As a proof-of-principle test for the translational relevance of our findings in the clinical setting, we investigated JCAD plasma levels in patients with STEMI or CCS. Circulating plasma levels of the protein were chosen as a surrogate marker for its endothelial expression given the difficulty of obtaining endothelial cells from living patients and were used to investigate the relationship between JCAD, TF and PAI-1 at the clinical level. Interestingly, JCAD levels were found to be increased in STEMI patients, in whom acute thrombosis of a major coronary artery is the underlying cause, as compared with those with CCS, where coagulation is not activated. These findings were consistently observed after controlling for individual lipid levels (i.e. LDL-C), antithrombotic treatment (i.e. DAPT) and estimated infarct size (i.e. hs-TnI levels). GWAS previously associated the JCAD locus with the occurrence of ACS and endothelial JCAD expression was previously reported to be increased in coronary plaques as compared with normal segments.⁶ Yet, to the best of our knowledge, this is the first report showing a significant upregulation of such a protein after STEMI onset. Considering previous reports showing an association between plasma procoagulant levels and major adverse cardiovascular events in patients with CAD,³³ here we additionally report that patients in the highest tertile of JCAD also had the highest TF and PAI-1 levels suggesting common regulating mechanisms. Again, such differences persisted after adjustment for lipid levels, antithrombotic treatments and estimated myocardial infarct size. These data are in line with in vivo and in vitro findings and support the role of JCAD in the pathophysiology of arterial thrombosis.

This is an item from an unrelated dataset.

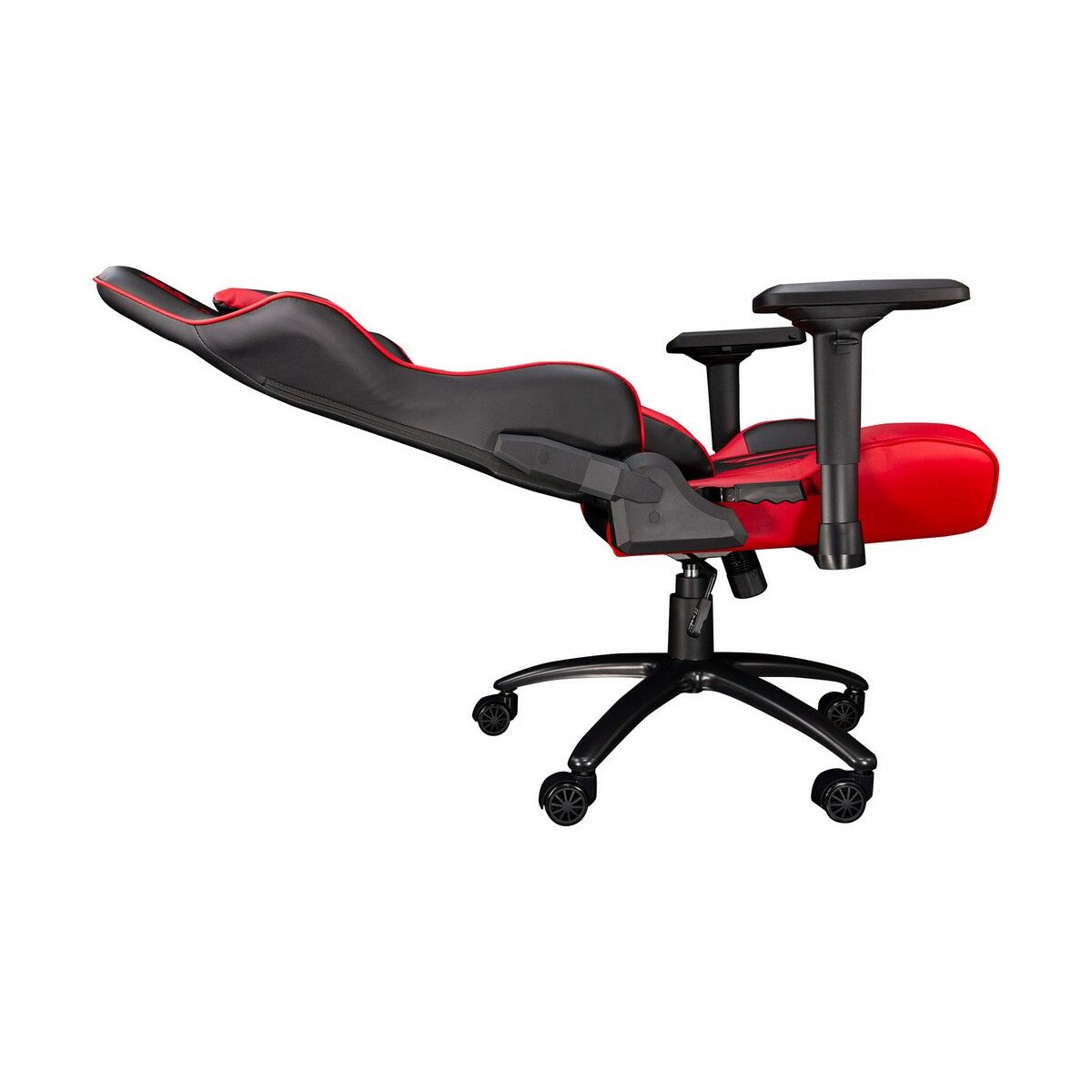 Gaming Chair Talius VIPER Black Metal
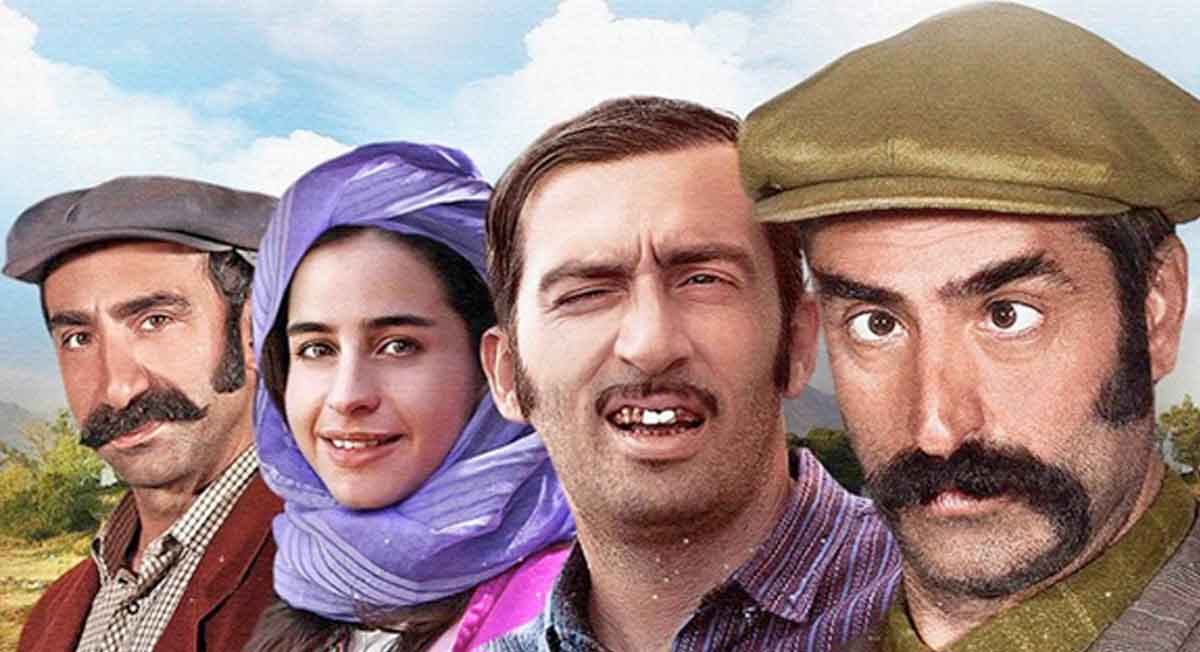 23-29 Ocak Haftasının En İyi Gişe Filmleri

The current report presents some limitations which should be considered. First, deletion of JCAD was not specific to endothelial cells; thus, we cannot fully exclude the contribution of other cell types to the reduced arterial thrombogenicity. Yet, JCAD previously showed preferential endothelial expression,⁶ and in our investigation we provide in additional to the in vivo data, a detailed mechanistic analysis carried using primary HAECs. Furthermore, here we ruled out a role for platelets, which are considered major regulators of arterial thrombosis together with endothelial cells. Also, although widely accepted, the use of constitutive knockout models does not exclude the possibility of compensatory adaptive mechanisms taking place over the course of their life and has limited translational value. Such limitations could be overcome by using inducible genetic models or, of higher translational relevance, by treating the animals with specific JCAD inhibitors which are currently unavailable. Finally, we consider the clinical data reported herein as hypothesis-generating and acknowledge the observational character of these results, which require external validation in independent cohorts. Indeed, observational data are subject to biases from selection, confounding, and measurement, which can result in over- or underestimation of the effect of interest. Specifically, acute myocardial infarction is a hugely inflammatory event with strong effects on acute-phase proteins.³⁴ Although it appears unlikely that the associations between plasma JCAD and TF and PAI-1 levels are driven by such inflammatory responses, we consider the clinical data presented herein only as hypothesis-generating, which warrants external validation.

Conclusions

This study demonstrates that the inhibition of JCAD is protective against arterial thrombosis by selectively modulating coagulation and fibrinolysis, but not platelet aggregation through endothelial TF and PAI-1 expression. Our translational findings support the importance of JCAD as a novel potential therapeutic target for cardiovascular prevention and support further investigations to validate its clinical relevance.

Supplementary material

Supplementary material is available at European Heart Journal online.

Supplementary Material

ehac641_Supplementary_Data

Click here for additional data file.^{(143.2KB, docx)}

Contributor Information

Luca Liberale, Center for Molecular Cardiology, Schlieren Campus, University of Zurich, Wagistrasse 12, 8952 Schlieren, Switzerland; First Clinic of Internal Medicine, Department of Internal Medicine, University of Genoa, 6 viale Benedetto XV, 16132 Genoa, Italy.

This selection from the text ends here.